- Task item -
Set down exactly the lines that run from the line with "APT-5N - 480" to the end of the data, and nothing else.

- Information provided -
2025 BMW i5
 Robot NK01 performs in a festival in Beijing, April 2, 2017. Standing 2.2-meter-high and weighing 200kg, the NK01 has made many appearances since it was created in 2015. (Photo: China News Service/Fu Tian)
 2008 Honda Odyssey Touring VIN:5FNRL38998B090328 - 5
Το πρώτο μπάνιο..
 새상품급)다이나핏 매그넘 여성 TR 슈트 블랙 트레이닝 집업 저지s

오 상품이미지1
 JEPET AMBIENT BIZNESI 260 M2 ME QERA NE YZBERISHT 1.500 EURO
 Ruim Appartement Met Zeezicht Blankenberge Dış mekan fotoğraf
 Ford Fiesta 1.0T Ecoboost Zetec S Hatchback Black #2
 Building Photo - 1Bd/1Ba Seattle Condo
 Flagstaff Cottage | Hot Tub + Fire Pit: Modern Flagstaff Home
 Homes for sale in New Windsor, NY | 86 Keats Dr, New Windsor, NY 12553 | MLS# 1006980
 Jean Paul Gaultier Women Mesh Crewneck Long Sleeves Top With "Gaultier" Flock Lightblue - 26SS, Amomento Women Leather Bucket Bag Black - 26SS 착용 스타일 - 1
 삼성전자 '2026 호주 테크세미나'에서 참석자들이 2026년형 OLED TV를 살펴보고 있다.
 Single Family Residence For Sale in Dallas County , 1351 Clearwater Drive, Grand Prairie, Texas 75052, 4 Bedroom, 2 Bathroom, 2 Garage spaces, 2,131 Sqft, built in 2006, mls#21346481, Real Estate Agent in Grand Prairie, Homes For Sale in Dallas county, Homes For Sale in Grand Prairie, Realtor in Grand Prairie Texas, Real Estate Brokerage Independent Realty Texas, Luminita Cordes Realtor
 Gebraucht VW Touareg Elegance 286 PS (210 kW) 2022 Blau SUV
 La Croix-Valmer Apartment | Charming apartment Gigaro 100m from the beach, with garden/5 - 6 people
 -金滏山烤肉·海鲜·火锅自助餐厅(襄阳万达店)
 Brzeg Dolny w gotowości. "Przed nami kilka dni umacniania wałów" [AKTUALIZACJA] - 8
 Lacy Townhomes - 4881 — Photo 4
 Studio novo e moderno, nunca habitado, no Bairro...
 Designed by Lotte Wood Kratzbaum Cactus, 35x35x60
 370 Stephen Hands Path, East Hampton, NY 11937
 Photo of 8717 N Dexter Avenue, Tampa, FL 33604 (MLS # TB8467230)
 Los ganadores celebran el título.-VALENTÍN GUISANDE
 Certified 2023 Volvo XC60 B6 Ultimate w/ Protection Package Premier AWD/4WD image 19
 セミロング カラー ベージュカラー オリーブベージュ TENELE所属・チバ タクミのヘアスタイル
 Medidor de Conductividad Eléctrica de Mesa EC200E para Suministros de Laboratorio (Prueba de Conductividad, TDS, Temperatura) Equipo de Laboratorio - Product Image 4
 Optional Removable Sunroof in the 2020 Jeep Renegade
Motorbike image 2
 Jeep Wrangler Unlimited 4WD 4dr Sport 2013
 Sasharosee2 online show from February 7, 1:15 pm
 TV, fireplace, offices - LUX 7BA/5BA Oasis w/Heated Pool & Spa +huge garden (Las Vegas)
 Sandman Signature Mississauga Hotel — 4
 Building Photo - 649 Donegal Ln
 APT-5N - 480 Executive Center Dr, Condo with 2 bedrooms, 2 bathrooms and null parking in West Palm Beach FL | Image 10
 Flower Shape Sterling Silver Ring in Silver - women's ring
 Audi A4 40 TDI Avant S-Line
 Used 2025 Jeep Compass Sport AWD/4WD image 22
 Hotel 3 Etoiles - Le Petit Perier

- Reply to the task -
 APT-5N - 480 Executive Center Dr, Condo with 2 bedrooms, 2 bathrooms and null parking in West Palm Beach FL | Image 10
 Flower Shape Sterling Silver Ring in Silver - women's ring
 Audi A4 40 TDI Avant S-Line
 Used 2025 Jeep Compass Sport AWD/4WD image 22
 Hotel 3 Etoiles - Le Petit Perier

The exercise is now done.